— Through mossy vines, I was watching large black fuzzy heads munch quietly on leafy lunches when I noticed that I, too, was being watched, closely, on Mount Karisimbi.
As a mountain gorilla emerged briskly from thick vegetation, I started planning my retreat. But before I could move, the great ape stopped about 15 feet away, wrapped up into a surprisingly round ball and rolled heavily away down a slope of bushy foliage.
It was an exciting look at an individual in the largest group of mountain gorillas that can be visited by tourists in Rwanda's Volcanoes National Park. In an hour, our small group would get much closer to them.
With seven other hikers, a guide and two armed soldiers, we walked carefully through the jungle terrain, as about 35 gorillas ate and played in the sun.
Hiking in a single-file line, John Martello had thought he was bringing up the rear — until he heard a rustling sound and looked back. A gorilla about 3 feet tall decided to follow along, just a few feet behind.
Surrounded by Gorillas
"He was one of the bunch," Martello, a Hoboken, N.J., resident said, referring to the gorilla's short attachment to our group. "It kept on following. It didn't seem very disturbed at all."

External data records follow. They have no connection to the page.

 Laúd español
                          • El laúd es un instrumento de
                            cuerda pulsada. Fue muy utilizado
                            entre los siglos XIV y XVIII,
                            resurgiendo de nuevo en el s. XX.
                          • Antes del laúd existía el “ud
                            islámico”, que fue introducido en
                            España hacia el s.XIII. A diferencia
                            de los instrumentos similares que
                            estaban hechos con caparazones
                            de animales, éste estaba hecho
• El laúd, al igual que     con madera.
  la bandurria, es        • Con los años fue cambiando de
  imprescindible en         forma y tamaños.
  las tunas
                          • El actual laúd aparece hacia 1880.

The Susa Group, as they are called, include two huge silverbacks — males named for the coloring on their backs that occurs when they reach sexual maturity at about 13 years of age — as well as adult females and youngsters. Silverbacks can stand up to 6 feet tall and weigh more than 400 pounds. Compared to other gorillas, mountain gorillas have longer hair and larger jaws.
Watching Africa's so-called Big Five safari animals — lion, buffalo, leopard, elephant and rhino — often requires keeping a good distance, from the safety of a vehicle. Not so with the gorillas. The close viewing on equal footing makes the trip uniquely thrilling.
At times, we found ourselves surrounded by the gorillas, who can be very active in the short hour tourists get to visit them. All around, there is much eating. Small gorillas climb trees, occasionally falling with a thump after underestimating their weight on a snapping vine. Thudding chest-beating can be heard. Young gorillas ride on the backs of their parents.
A large sedentary gorilla opens its mouth wide and grunts at two rambunctious youngsters. A silverback grooms a young female before pulling her underneath him for a mating session.
Getting Too Close
A young gorilla is cradled gently in an adult's arms.
When we get too close, our guide uses vocalizations to ease tensions. With a throaty rumbling hum, the guide seems to calm them when we get within several feet.
But a wrong move can bring a sudden response. One gorilla let our group know when its comfort zone had been violated.
Andrew Jones saw nothing but "just kind of a blur of a large animal flying by" as a gorilla rushed toward him in an apparent bluff charge. The guide grabbed Jones' arm and shoved him away, hard.
"The heart was racing a little," said Jones, one of the tallest members of our group, who lives in Kigali and was on his second trip to see the gorillas.
For the most part, though, the gorillas appeared very tolerant of our presence.
"I felt very secure, even while the silverback came quite close," said Eric Sevrin, of Oslo, Norway.